Immobilization strategies depend on the rigidity of the fixation. With modern segmental instrumentation (anterior plating or posterior lateral mass screws), a rigid cervical orthosis (such as an Aspen or Miami J collar) is typically utilized for 6 to 12 weeks primarily for comfort and to limit extremes of motion while the arthrodesis matures. In cases of combined 360-degree fusion, collar use may be abbreviated.
Mobilization should begin as soon as hemodynamically and neurologically tolerated. For patients with complete spinal cord injuries, early mobilization into a wheelchair is vital to prevent decubitus ulcers, deep vein thrombosis, and pulmonary complications. Deep vein thrombosis prophylaxis should be initiated within 72 hours of surgery, provided there is no evidence of expanding epidural hematoma.
Radiographic follow-up includes upright anteroposterior and lateral cervical spine radiographs prior to discharge, at 6 weeks, 3 months, 6 months, and 1 year postoperatively. These imaging modalities assess the maintenance of sagittal alignment, hardware integrity, and the progression of bony fusion. Dynamic flexion-extension radiographs are typically obtained at the 3-month mark to confirm segmental stability before discontinuing the cervical orthosis.

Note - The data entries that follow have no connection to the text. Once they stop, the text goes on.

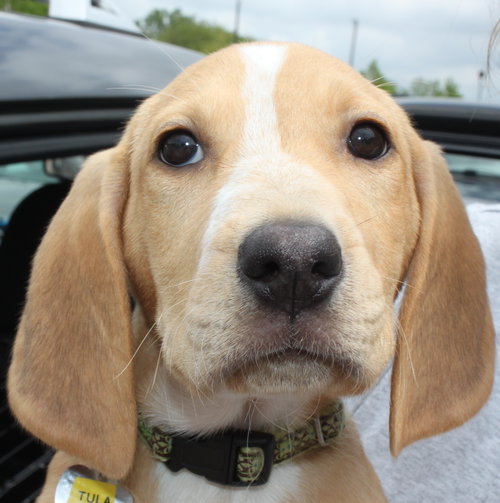 Sn Litter Tula - ADOPTED 05.29.15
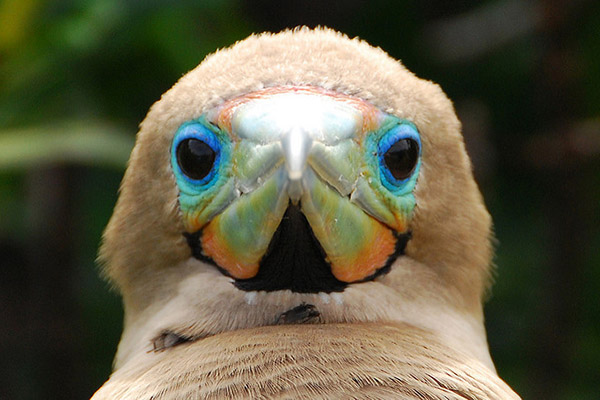 Galapagos Red Footed Booby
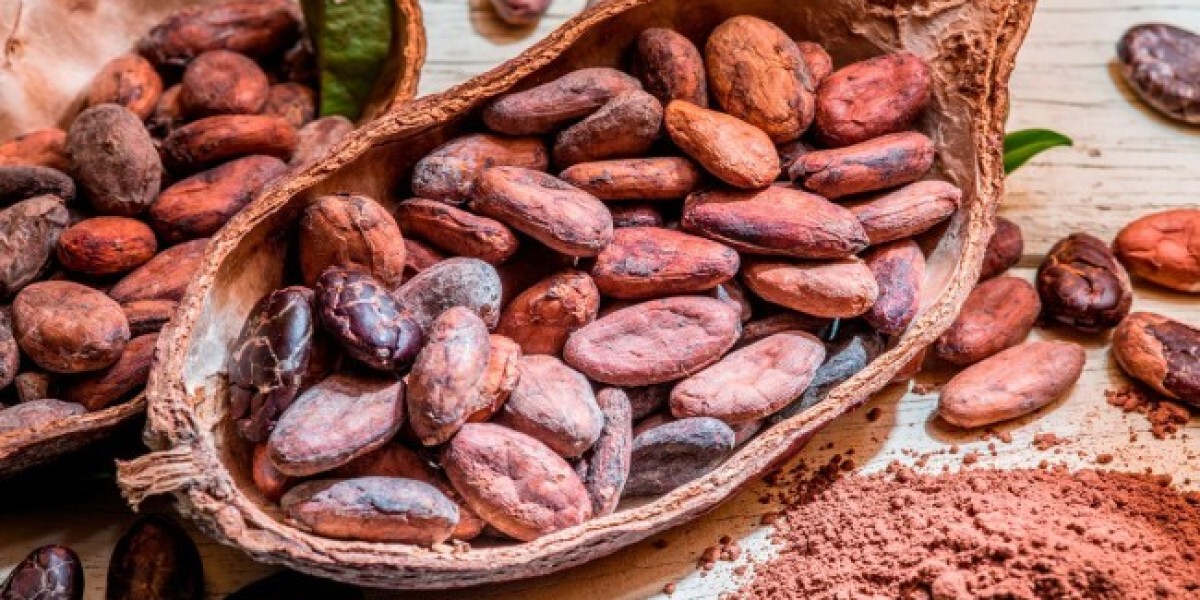 Cocoa Market Opportunities: Rising Demand, Sustainability Trends, and Emerging Business Prospects Worldwide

Summary of Key Literature and Guidelines
The management of bilateral cervical facet dislocation is guided by several pivotal studies and established guidelines within the orthopedic and neurosurgical literature.

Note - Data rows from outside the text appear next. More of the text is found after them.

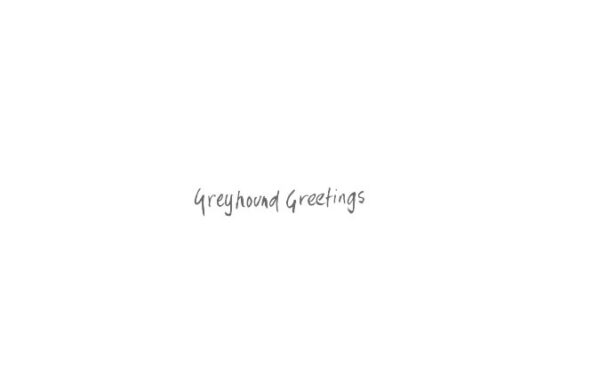 greyhound greetings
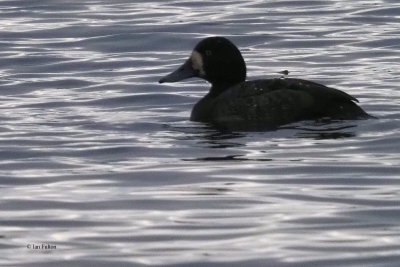 Scaup, Strathclyde Loch, Clyde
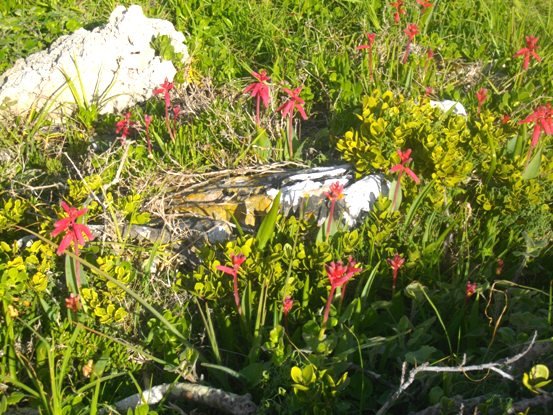 Lachenalia bulbifera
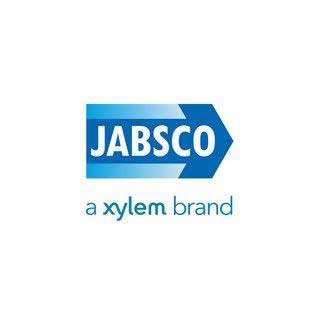 SCREW M4 x 20 SOCKET SET - Jabsco logo 10 19 - SCSP100905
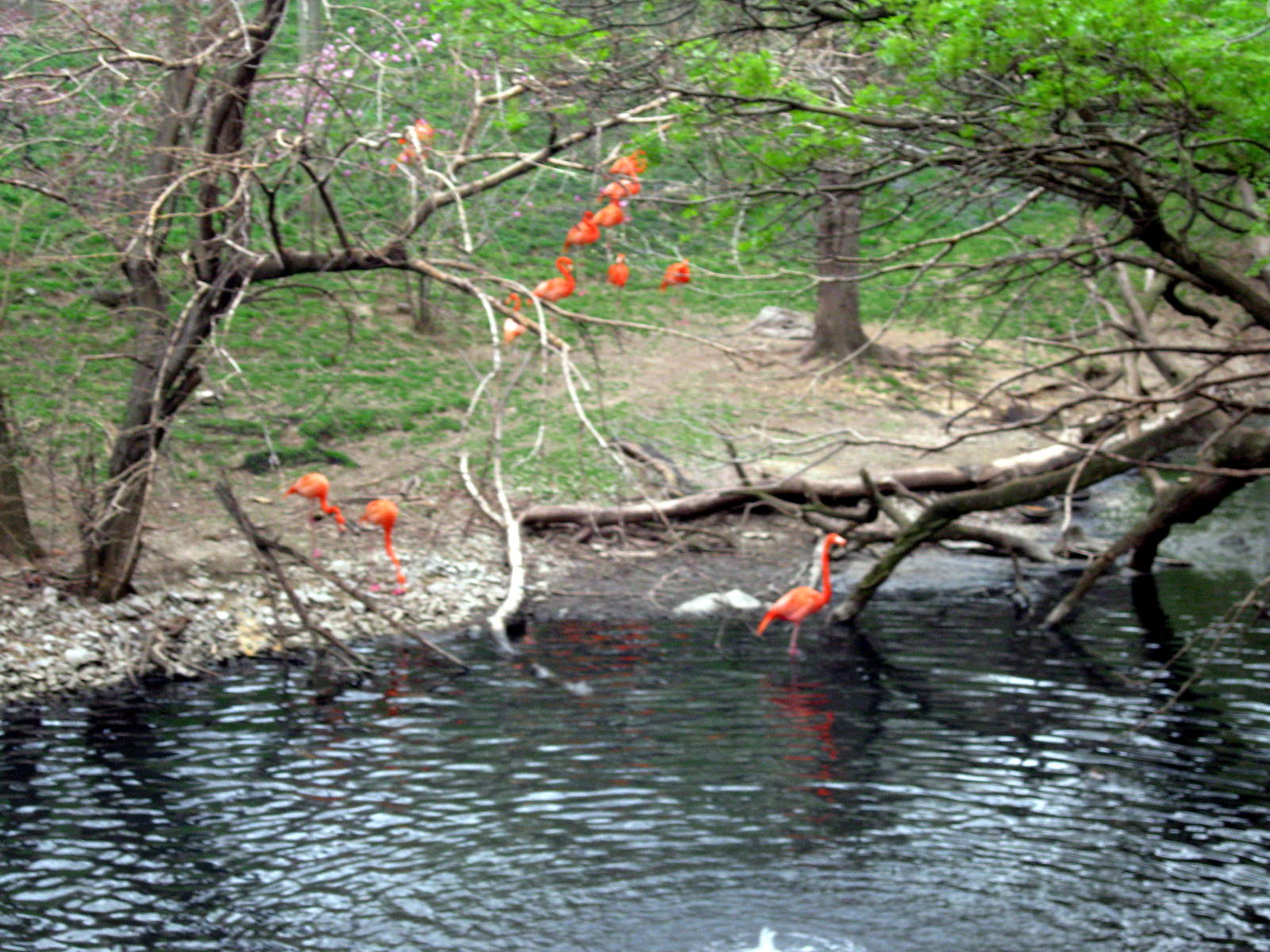 Simmon's Aviary-Caribbean Flamingos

The Surgical Timing in Acute Spinal Cord Injury Study (STASCIS) revolutionized the approach to cervical spine trauma. This prospective, multicenter cohort study demonstrated that early surgical decompression (within 24 hours of injury) in patients with acute spinal cord injury resulted in significantly improved neurological outcomes at 6-month follow-up compared to delayed decompression, without an increase in complication rates. This cemented the paradigm of emergent surgical intervention for facet dislocations presenting with neurological deficits.
The Subaxial Cervical Spine Injury Severity (SLIC) classification, developed by Vaccaro et al., provides a validated, reliable algorithm for surgical decision-making. By incorporating injury morphology, integrity of the discoligamentous complex, and neurological status, the SLIC system objectively quantifies the severity of bilateral facet dislocations. As previously noted, these injuries universally score high enough to mandate surgical stabilization, standardizing treatment protocols across trauma centers.

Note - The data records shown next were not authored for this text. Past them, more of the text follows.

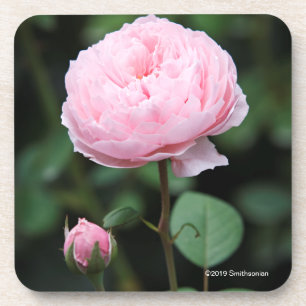 Alnwick-Schloss-Rose Getränkeuntersetzer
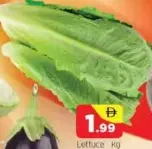 Lettuce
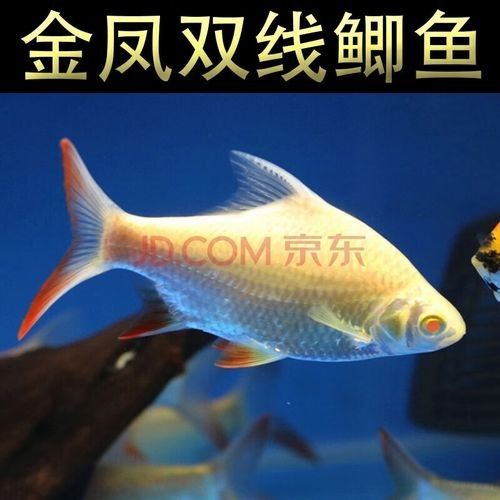 金鳳龍魚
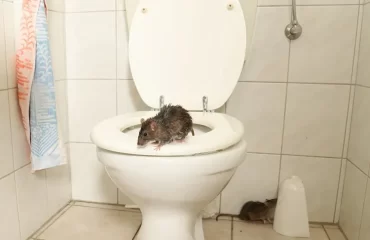 comment faire fuir les rats dеs wc se débarrasser des rats dans la canalisation
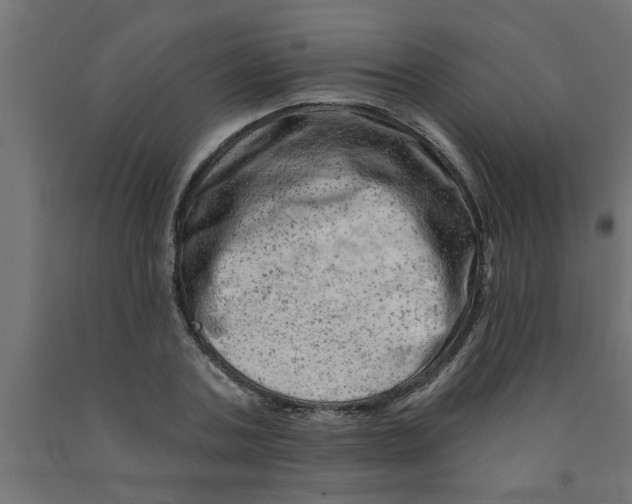 X0000090870787200708241919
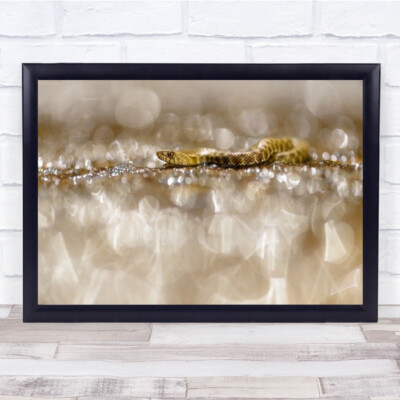 Leben unter Diamanten Schlange Bokeh Wasser Griechenland Tier Tiere Wandbild Kunstdruck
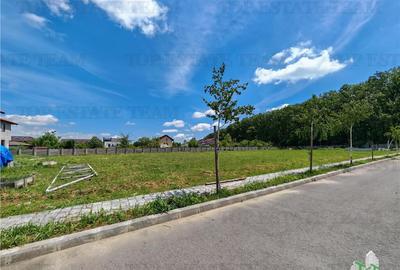 Teren constructii in proximitatea Padurii Corbeanca - 1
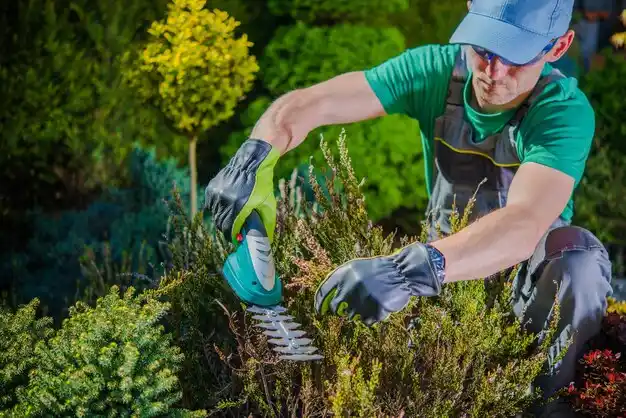 landscaping services Shreve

The controversy surrounding the timing of magnetic resonance imaging in relation to closed reduction was extensively evaluated by Vaccaro and colleagues. Their research highlighted the high incidence of traumatic disc herniations associated with facet dislocations. The current consensus guidelines recommend that in the awake, neurologically examinable patient, closed reduction can be performed safely prior to magnetic resonance imaging. However, in the obtunded patient, magnetic resonance imaging is an absolute prerequisite before any reduction maneuver to prevent iatrogenic spinal cord injury from an unappreciated herniated disc.
Finally, biomechanical studies by Panjabi and White remain the foundational texts defining clinical instability of the cervical spine. Their criteria for posterior element disruption and sagittal translation dictate the necessity for rigid, multi-column internal fixation to restore the load-bearing capacity of the cervical axis following bilateral facet dislocation.